• WORK TO COMPLETE:
Write the entries below out again exactly, but skip the pictures.

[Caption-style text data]
□ □ □ □ □
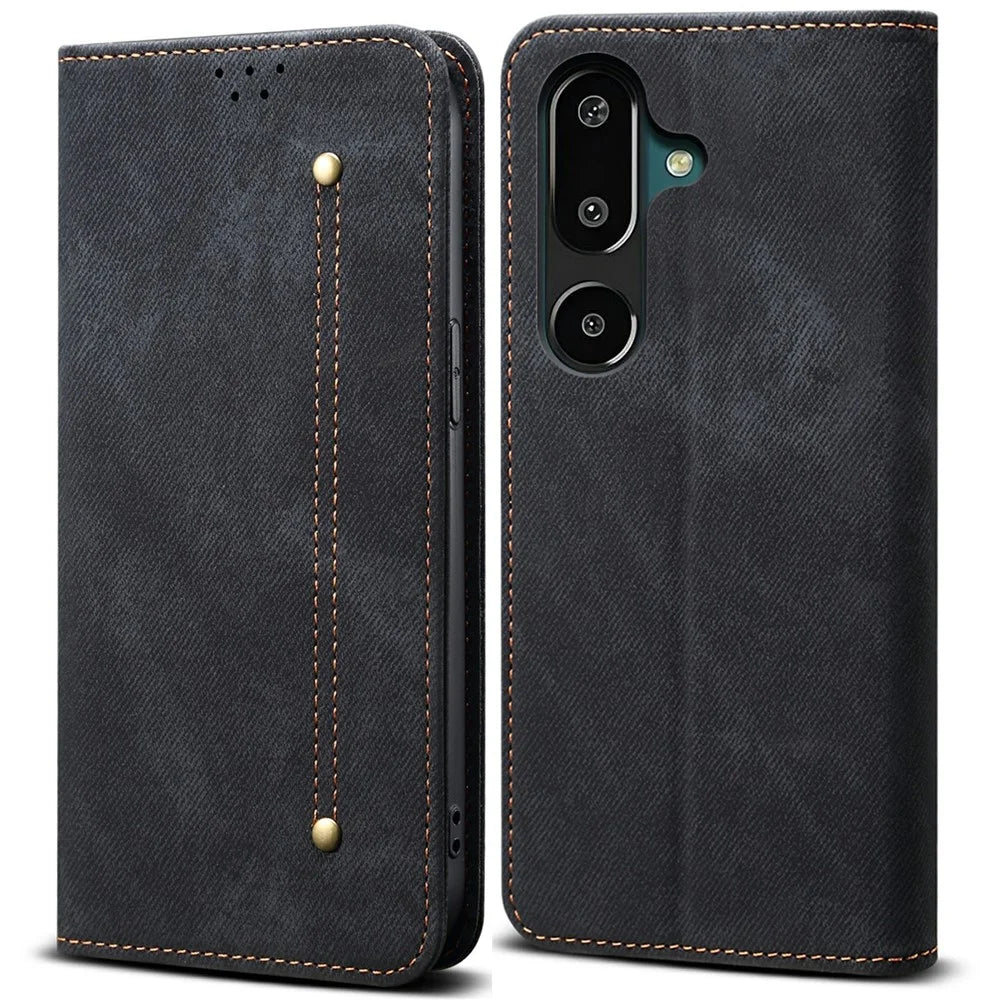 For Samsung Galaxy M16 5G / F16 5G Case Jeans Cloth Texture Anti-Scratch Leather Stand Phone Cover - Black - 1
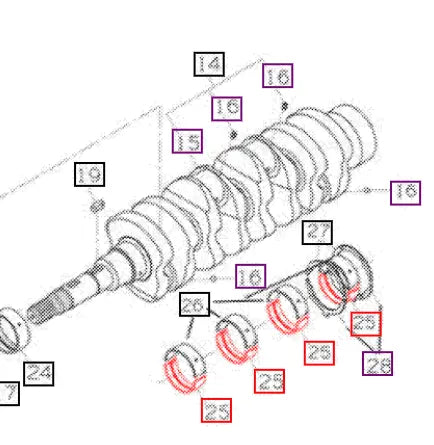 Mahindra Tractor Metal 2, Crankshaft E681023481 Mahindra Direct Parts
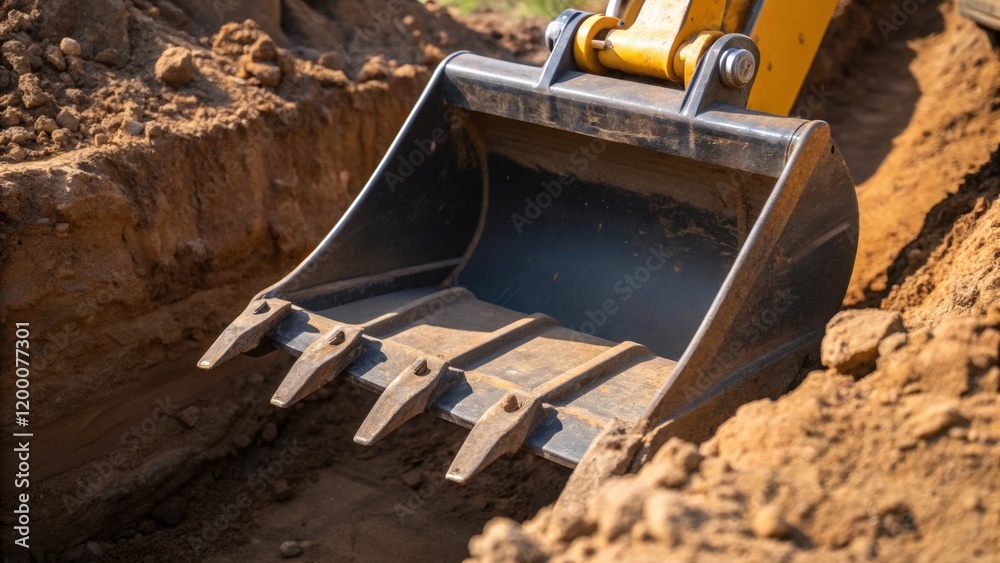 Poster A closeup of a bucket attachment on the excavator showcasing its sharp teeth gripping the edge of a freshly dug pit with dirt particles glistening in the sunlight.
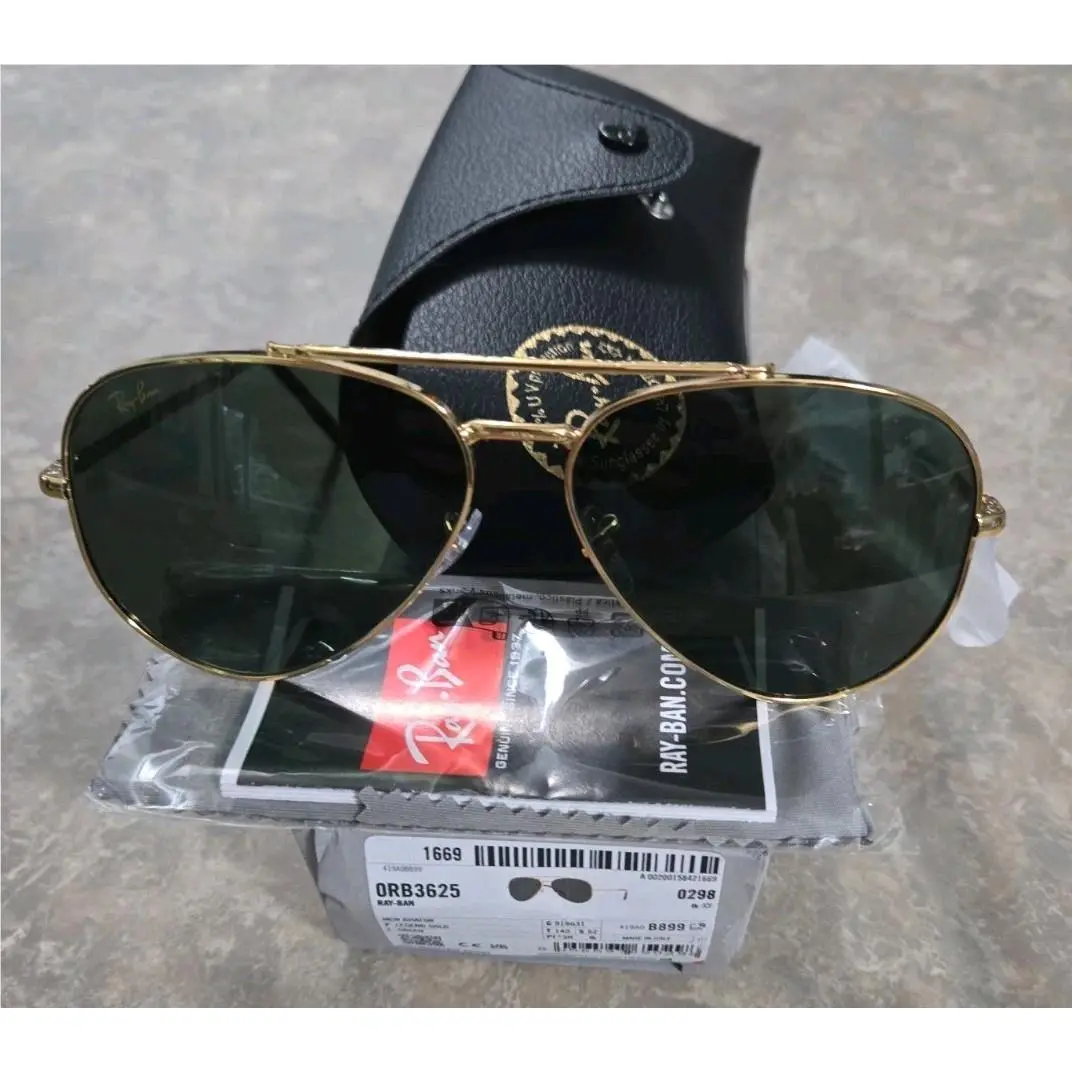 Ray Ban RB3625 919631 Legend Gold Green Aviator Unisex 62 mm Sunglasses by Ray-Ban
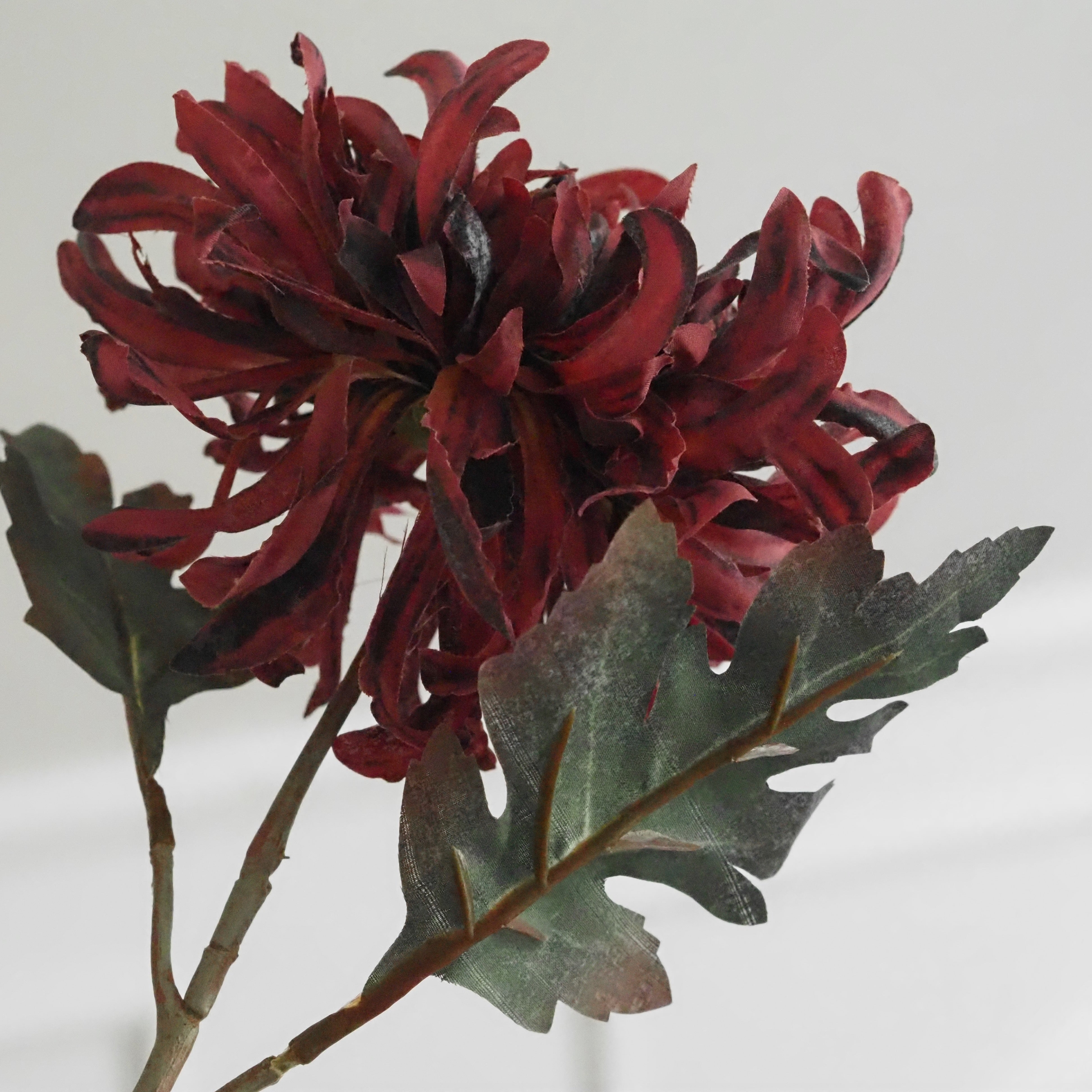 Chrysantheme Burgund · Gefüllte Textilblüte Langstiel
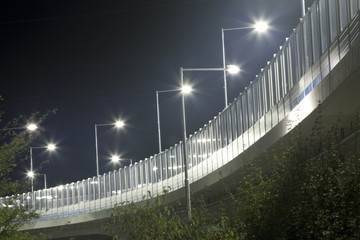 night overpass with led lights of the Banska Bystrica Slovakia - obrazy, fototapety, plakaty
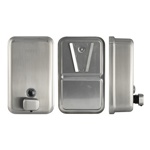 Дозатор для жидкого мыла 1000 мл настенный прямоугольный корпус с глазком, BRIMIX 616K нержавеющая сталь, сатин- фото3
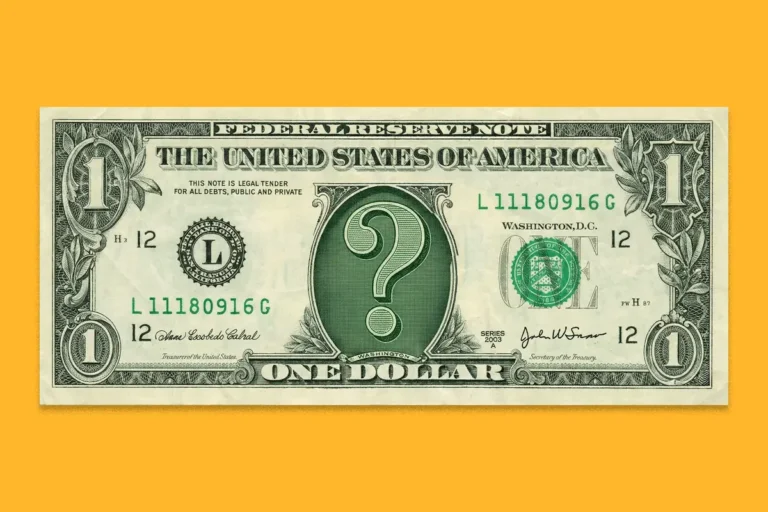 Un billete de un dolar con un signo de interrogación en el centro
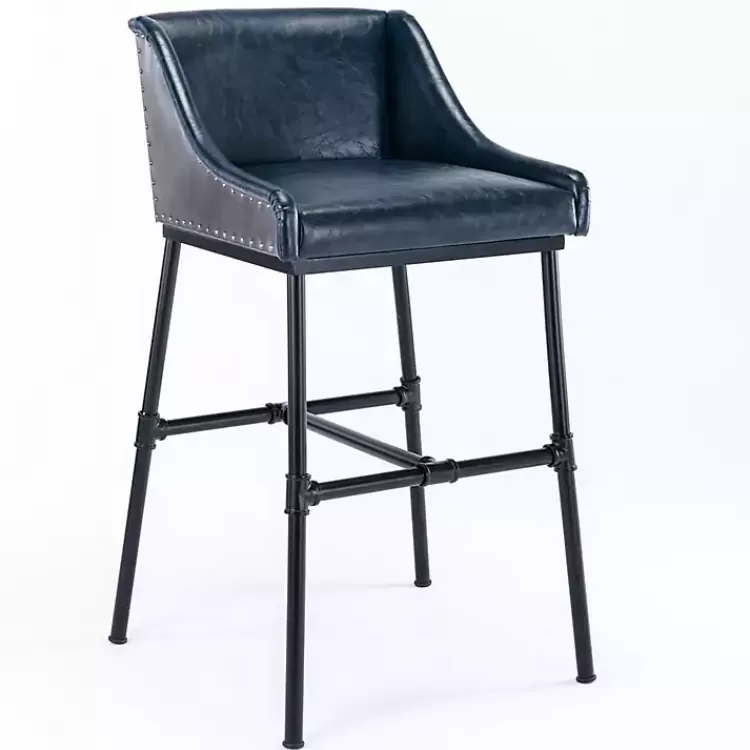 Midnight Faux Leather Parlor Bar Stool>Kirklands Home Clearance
□ □ □ □ □
• ANSWER FOR THIS EXERCISE:
 For Samsung Galaxy M16 5G / F16 5G Case Jeans Cloth Texture Anti-Scratch Leather Stand Phone Cover - Black - 1
 Mahindra Tractor Metal 2, Crankshaft E681023481 Mahindra Direct Parts
 Poster A closeup of a bucket attachment on the excavator showcasing its sharp teeth gripping the edge of a freshly dug pit with dirt particles glistening in the sunlight.
 Ray Ban RB3625 919631 Legend Gold Green Aviator Unisex 62 mm Sunglasses by Ray-Ban
 Chrysantheme Burgund · Gefüllte Textilblüte Langstiel
 night overpass with led lights of the Banska Bystrica Slovakia - obrazy, fototapety, plakaty
 Дозатор для жидкого мыла 1000 мл настенный прямоугольный корпус с глазком, BRIMIX 616K нержавеющая сталь, сатин- фото3
 Un billete de un dolar con un signo de interrogación en el centro
 Midnight Faux Leather Parlor Bar Stool>Kirklands Home Clearance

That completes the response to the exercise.